- EXERCISE BRIEF
Below is a listing. Quote from it, exactly, the lines from the one containing "An abstract art" down to the one containing "Women's Sweaters French", both ends included, and nothing else.

- SOURCE RECORDS
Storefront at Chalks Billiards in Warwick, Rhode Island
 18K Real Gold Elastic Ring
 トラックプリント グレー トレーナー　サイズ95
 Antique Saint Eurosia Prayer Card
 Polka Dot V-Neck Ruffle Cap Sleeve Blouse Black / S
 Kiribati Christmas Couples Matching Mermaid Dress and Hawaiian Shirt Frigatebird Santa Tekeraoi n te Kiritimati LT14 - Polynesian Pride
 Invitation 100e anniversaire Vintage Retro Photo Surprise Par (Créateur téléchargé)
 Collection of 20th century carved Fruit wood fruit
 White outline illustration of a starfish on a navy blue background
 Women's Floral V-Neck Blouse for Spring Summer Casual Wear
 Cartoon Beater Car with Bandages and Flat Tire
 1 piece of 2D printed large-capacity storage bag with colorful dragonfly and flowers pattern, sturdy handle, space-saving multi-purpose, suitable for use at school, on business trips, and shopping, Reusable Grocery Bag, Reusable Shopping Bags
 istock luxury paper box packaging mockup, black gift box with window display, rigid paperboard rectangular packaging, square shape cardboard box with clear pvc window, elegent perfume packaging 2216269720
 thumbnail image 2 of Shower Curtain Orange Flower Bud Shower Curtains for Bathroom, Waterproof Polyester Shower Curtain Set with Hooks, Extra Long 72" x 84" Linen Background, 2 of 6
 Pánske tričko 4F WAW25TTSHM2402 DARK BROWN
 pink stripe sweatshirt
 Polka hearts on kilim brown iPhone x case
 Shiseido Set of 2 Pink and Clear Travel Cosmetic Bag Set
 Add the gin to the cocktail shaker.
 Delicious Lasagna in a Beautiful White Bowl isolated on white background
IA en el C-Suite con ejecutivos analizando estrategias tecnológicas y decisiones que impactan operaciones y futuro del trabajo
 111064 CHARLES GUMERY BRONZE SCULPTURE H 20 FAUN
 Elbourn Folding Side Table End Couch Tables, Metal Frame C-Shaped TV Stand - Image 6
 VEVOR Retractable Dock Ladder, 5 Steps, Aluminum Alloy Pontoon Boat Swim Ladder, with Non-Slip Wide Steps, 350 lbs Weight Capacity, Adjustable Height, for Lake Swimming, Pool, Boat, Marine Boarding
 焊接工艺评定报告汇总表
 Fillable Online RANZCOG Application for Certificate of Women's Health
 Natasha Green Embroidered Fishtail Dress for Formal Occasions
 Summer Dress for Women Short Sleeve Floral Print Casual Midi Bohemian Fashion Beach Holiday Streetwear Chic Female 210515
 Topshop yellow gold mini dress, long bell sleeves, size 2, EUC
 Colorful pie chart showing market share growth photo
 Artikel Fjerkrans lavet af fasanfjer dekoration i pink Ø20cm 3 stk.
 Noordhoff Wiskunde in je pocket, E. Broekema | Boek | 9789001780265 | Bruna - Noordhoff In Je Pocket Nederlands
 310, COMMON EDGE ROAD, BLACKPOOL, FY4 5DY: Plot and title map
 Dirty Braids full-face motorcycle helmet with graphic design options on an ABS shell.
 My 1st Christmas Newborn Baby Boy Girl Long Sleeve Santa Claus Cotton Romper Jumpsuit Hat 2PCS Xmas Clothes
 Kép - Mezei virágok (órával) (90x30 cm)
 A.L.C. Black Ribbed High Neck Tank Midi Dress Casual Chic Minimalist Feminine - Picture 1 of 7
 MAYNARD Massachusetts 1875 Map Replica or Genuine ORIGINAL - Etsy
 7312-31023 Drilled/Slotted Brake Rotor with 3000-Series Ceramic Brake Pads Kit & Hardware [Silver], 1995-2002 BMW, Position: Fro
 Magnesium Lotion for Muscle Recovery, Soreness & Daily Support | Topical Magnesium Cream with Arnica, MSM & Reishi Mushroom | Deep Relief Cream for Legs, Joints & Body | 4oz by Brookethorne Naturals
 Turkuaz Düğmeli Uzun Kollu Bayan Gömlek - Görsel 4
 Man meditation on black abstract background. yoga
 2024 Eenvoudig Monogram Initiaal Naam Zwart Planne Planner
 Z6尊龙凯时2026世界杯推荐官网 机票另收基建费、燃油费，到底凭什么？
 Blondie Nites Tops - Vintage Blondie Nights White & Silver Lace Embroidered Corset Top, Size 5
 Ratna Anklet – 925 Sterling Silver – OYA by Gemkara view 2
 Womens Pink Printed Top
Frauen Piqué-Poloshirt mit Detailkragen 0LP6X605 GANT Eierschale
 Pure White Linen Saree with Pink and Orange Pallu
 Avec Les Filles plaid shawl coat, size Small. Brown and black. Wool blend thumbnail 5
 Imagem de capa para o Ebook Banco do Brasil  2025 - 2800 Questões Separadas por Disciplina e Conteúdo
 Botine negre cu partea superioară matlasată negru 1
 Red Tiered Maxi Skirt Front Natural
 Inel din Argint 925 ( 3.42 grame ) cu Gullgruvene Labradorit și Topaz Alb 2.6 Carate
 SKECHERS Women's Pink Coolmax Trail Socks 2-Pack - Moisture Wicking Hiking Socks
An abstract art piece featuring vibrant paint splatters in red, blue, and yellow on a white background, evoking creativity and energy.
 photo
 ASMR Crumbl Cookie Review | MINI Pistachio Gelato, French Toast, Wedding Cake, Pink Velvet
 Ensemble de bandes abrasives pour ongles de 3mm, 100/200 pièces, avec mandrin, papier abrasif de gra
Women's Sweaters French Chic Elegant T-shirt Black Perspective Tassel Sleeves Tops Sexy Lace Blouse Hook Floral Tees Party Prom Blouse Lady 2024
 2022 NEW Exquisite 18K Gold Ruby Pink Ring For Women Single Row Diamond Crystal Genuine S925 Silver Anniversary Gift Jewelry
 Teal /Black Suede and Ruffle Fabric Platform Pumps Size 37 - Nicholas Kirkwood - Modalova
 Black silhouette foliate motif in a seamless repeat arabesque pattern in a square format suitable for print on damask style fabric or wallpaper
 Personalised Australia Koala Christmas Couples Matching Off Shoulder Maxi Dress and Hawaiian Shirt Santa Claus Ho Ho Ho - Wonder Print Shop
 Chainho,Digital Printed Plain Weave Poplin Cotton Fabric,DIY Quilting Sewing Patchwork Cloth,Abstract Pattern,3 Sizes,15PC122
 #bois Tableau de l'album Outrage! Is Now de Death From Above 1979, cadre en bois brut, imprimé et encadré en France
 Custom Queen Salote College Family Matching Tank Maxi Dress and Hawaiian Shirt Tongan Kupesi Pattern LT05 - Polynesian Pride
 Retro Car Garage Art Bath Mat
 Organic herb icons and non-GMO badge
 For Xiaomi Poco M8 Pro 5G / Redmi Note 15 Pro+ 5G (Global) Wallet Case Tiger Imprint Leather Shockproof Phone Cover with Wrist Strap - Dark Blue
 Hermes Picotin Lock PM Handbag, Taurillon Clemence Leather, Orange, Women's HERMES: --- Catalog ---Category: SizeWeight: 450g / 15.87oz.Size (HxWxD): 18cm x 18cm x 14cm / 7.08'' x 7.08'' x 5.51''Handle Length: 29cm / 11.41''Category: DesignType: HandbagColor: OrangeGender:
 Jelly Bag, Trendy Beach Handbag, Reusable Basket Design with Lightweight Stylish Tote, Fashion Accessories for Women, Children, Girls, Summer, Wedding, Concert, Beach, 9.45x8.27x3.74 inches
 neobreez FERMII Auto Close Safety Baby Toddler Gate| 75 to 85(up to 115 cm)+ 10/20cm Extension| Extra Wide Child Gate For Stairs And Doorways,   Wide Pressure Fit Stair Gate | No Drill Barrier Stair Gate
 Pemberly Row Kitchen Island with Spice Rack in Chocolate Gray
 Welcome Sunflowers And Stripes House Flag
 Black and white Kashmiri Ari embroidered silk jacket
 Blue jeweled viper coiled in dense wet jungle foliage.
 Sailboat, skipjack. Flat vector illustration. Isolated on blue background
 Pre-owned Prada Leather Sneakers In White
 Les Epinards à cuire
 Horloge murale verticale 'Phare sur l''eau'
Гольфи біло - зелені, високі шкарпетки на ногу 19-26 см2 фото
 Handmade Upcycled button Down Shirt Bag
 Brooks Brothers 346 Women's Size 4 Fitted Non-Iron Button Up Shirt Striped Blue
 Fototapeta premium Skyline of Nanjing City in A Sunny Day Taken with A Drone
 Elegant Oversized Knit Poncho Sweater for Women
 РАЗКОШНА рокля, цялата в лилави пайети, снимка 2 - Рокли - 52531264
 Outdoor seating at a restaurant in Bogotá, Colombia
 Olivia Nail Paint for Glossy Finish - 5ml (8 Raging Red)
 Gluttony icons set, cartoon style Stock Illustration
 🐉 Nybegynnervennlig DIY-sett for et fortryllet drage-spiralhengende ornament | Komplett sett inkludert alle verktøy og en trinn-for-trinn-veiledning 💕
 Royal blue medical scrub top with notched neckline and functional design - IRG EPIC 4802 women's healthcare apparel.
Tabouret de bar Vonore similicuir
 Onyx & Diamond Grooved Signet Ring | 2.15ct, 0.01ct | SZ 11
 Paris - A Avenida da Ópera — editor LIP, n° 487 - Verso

- SOLUTION FOR THIS PROBLEM
An abstract art piece featuring vibrant paint splatters in red, blue, and yellow on a white background, evoking creativity and energy.
 photo
 ASMR Crumbl Cookie Review | MINI Pistachio Gelato, French Toast, Wedding Cake, Pink Velvet
 Ensemble de bandes abrasives pour ongles de 3mm, 100/200 pièces, avec mandrin, papier abrasif de gra
Women's Sweaters French Chic Elegant T-shirt Black Perspective Tassel Sleeves Tops Sexy Lace Blouse Hook Floral Tees Party Prom Blouse Lady 2024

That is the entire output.